Ten ideas for your child’s naming ceremony

Ten ideas for your child’s naming ceremony

Blowing bubbles – an eco-friendly alternative to a balloon release.

Planning a naming ceremony is great fun, but it can be difficult to come up with ideas to make the day special. We’re sharing 10 ideas for a naming ceremony, to help make your life easier!

Whilst it’s possible to host your own naming ceremony, when you work with a Humanist Ceremonies celebrant, you’re working with someone with training, skills, and experience in creating inclusive, family-friendly ceremonies. Having a professional celebrant leading the ceremony means you can spend time with your guests and relax and enjoy the day.

Our celebrants are full of ideas for how to make your ceremony meaningful, memorable, and fun!  Award-winning humanist celebrant Jane Blackman shares her top ten ideas for personalising your child’s humanist naming ceremony.

1. Signing a naming certificate

Signing a naming certificate provides a short pause in the ceremony and a lovely photo opportunity during which the parents and supporting adults sign a certificate witnessed by all in attendance, marking the occasion and the adults’ commitments to the child. The certificate can be kept by the family as a memento of the event.

Signing the naming certificate. Photo by ETT Photography.

2. Creating a time capsule or memory box

Some families include the creation of a ‘time capsule’ or ‘memory box’. You can ask your guests to bring something to add to it such as a newspaper article from the day your child was born, family photos, recorded messages, gifts to be opened when they reach a significant date in the future.

The container can be sealed during the ceremony with a view to being opened again on a significant birthday such as their 18th birthday.

 3. Tree-planting

Depending upon the time of year, planting a tree in commemoration of this special occasion is a lovely idea and a great way to involve other children, close friends, or family members in the ceremony.
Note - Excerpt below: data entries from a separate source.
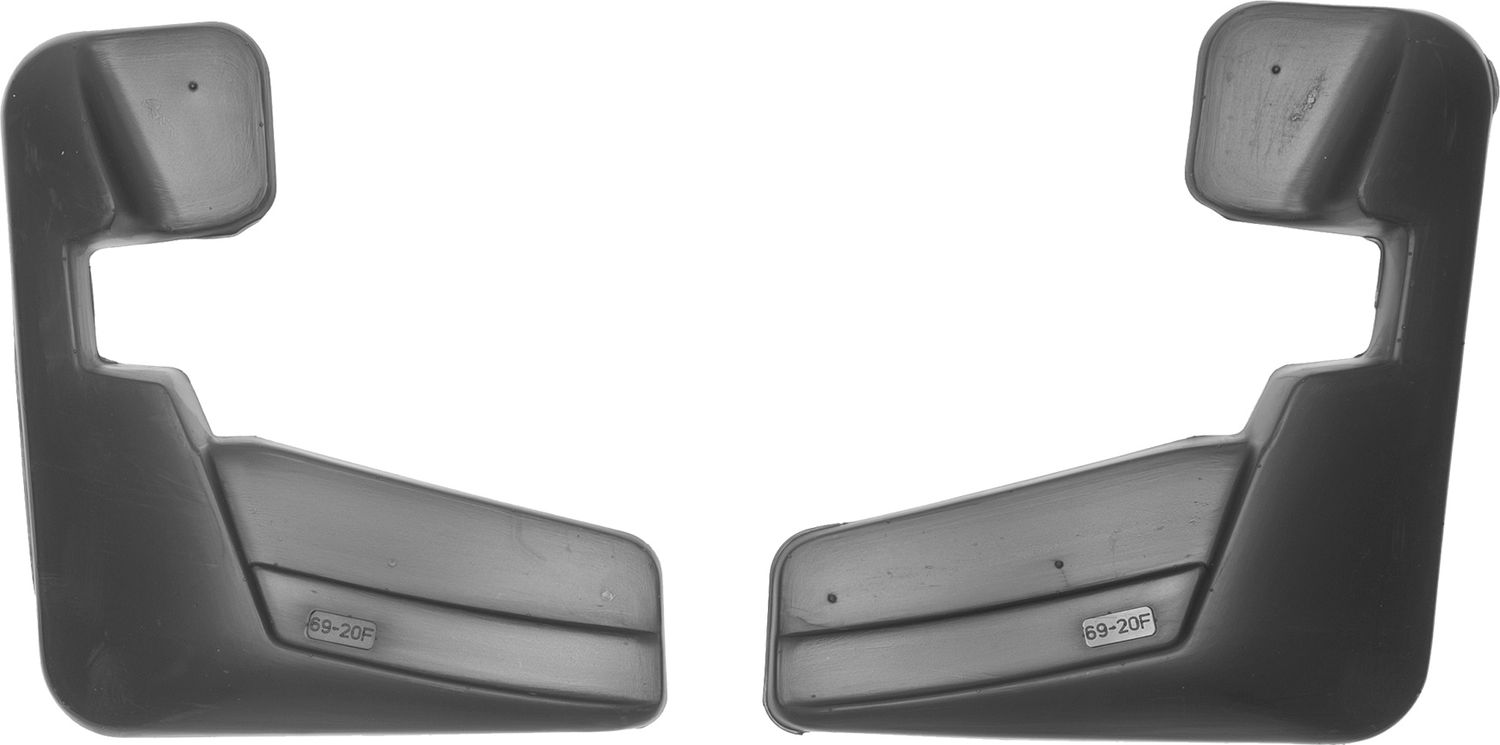 Брызговики Norplast передняя пара для Renault Kaptur 2016-2026. Артикул NPL-Br-69-20F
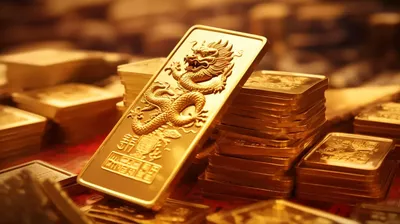L'Or chinois redéfinit les règles du jeu pour le Métal Précieux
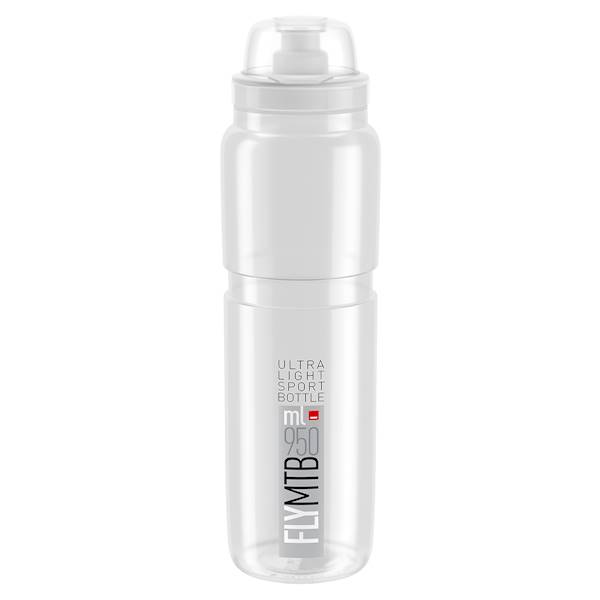 Bidon Elite Fly 950ml biały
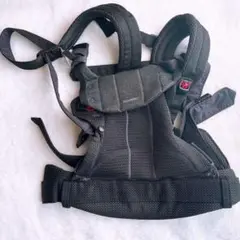 箱付き　ベビービョルン　ハーモニー　抱っこ紐 ブラック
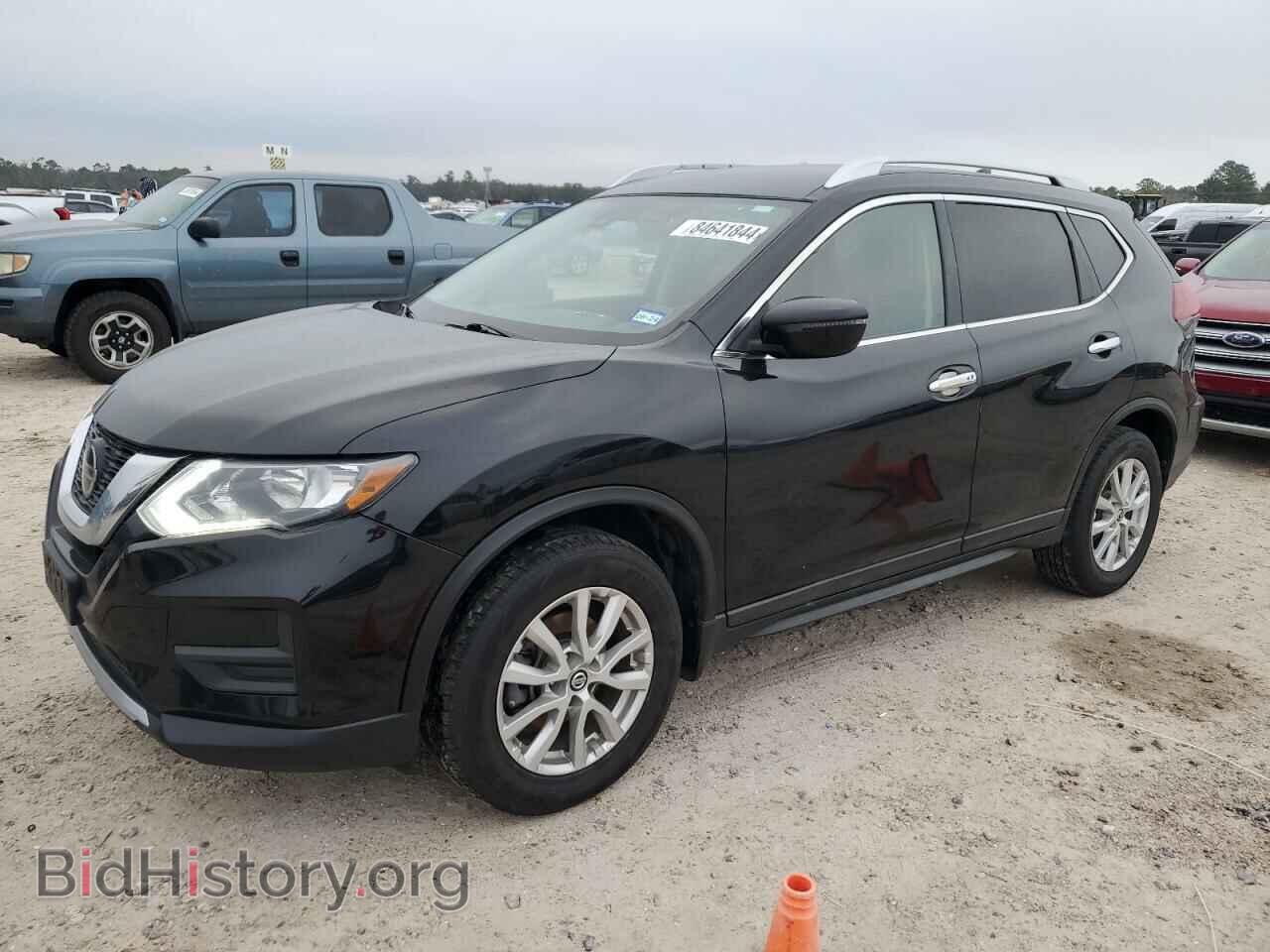 Photo KNMAT2MV4KP532777 - NISSAN ROGUE 2019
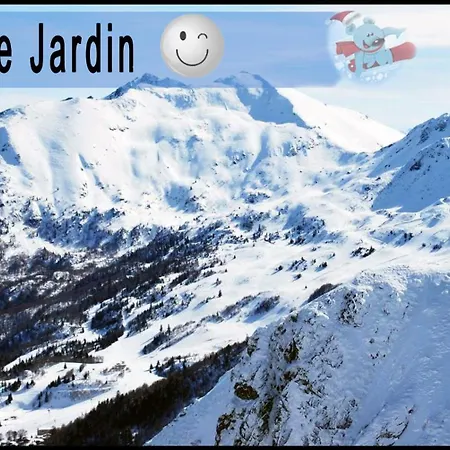 Chalet Vacances De L'ours Le Grand Tétras * Montferrier
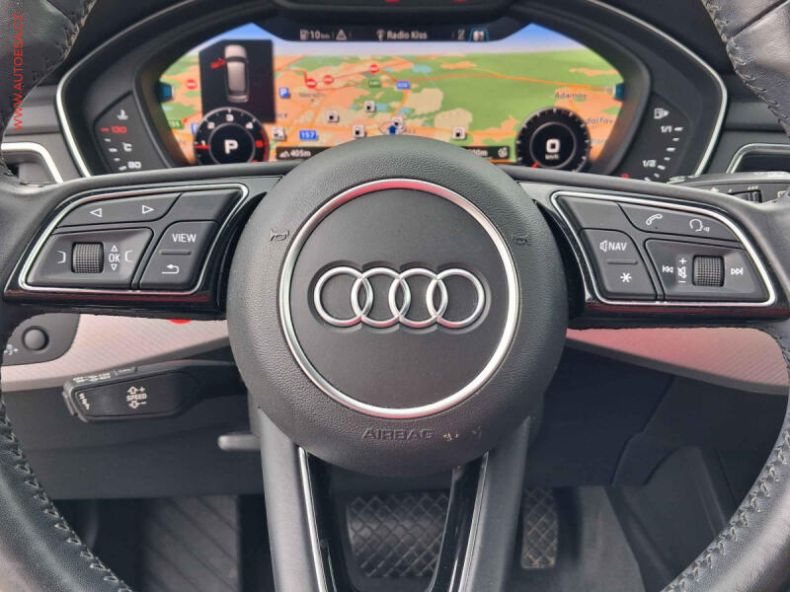 Audi A4 - hlavní fotka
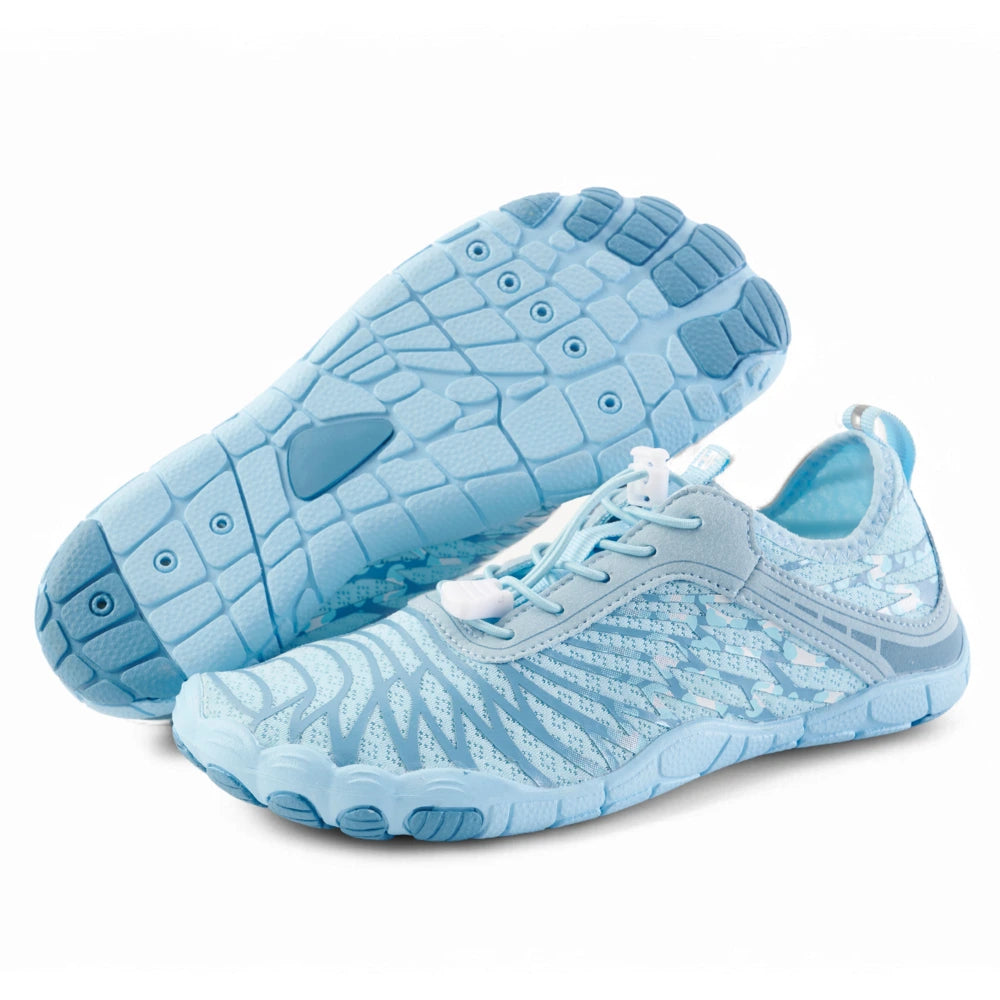 HOUXIANDOU Lora Pro Chaussures Pieds Nus - Unisexes Antidérapantes Et Respirantes Pour Randonnée Et Quotidien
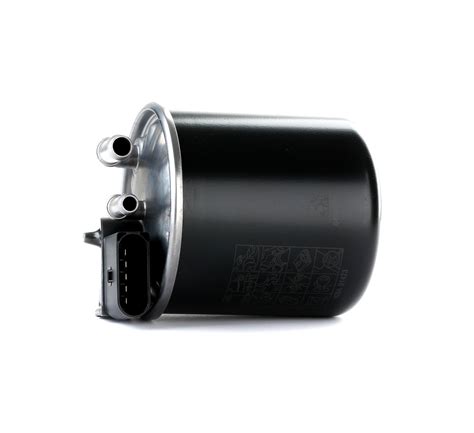 Kl Mahle Original Fuel Filter In Line Filter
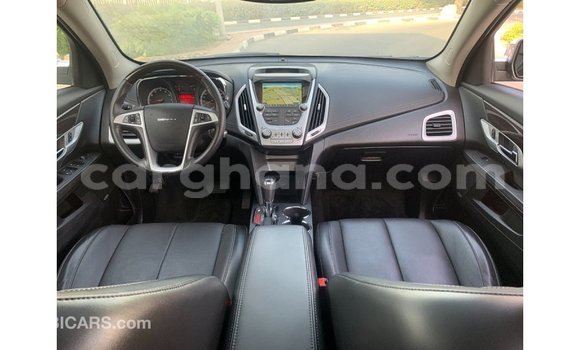 Buy Import GMC Terrain Black Car in Import - Dubai in Ashanti Buy Import GMC Terrain Black Car in Import - Dubai in Ashanti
Tree-planting also provides the opportunity to include words about the importance of nurturing and caring for the growth of the child. (Please note: Bare-rooted tree stock is best planted in winter when the tree is dormant.)

4. Planting seeds or bulbs

If you don’t have room to plant a tree, or you have chosen an indoor venue, you could instead give seeds or bulbs to guests to plant in pots and take home for the growing season ahead.

Plant tulips from October to December for them to flower in spring.

5. Bubbles

I have been asked to lead balloon releases before now, but they do not sit at all comfortably with me and I no longer agree to them as sending balloons out into the world can result in injury, suffering, and even death to wild creatures. There are plenty of lovely ethical alternatives which pose no harm to the environment, risk to wildlife or harm to animals.

Blowing bubbles is a fun and environmentally-friendly alternative to a balloon release. Children love to make, chase, and catch bubbles. Bubbles make quite a spectacle and provide a great photo opportunity.

Blowing bubbles is a fun and environmentally-friendly alternative to a balloon release.

Here’s how to make your own eco-friendly bubbles.

  • 1/2 cup of eco-friendly washing up liquid
  • 5 cups of distilled water
  • 2 tablespoons of vegetable glycerin
  • Mix this together in a storage container and leave overnight or for a minimum of 4 hours.

6. Lighting candles

A flame can symbolise hope, warmth, and the brightening of lives as a result of the arrival of the child. Lighting a candle in a naming ceremony can also be done as an act of remembrance for a deceased relative or friend. Candles can be lit with an accompanying reading or music – or in contemplative silence.

7. Wish trees

Invite your guests to write promises, words of advice, or good wishes on individual tags and then hang on a tree (real if outside or artificial if indoors) as a special collective moment in the ceremony.

After the ceremony, you can then gather the messages and keep them for your child as a memento of the day.

Naming ceremony ‘wish tree’.

8. Signing a guest book

A guest book enables your guests to add a message to your child before, during, or after the ceremony, creating a keepsake for your child to revisit in years to come.

9. Video of good wishes

How about making a video of guests’ wishes for your child either in advance to be shown during the ceremony or made at the ceremony as a memento for your child to enjoy as they grow up?

This can be a fantastic way to show your child the people who were important in their life when they were a baby. It can also act as a kind of digital time capsule, capturing people for posterity.

10. A sand ceremony

A sand ceremony can be used to symbolise the input, commitment, and contribution that people are prepared to make to the child, whose naming day ceremony it is.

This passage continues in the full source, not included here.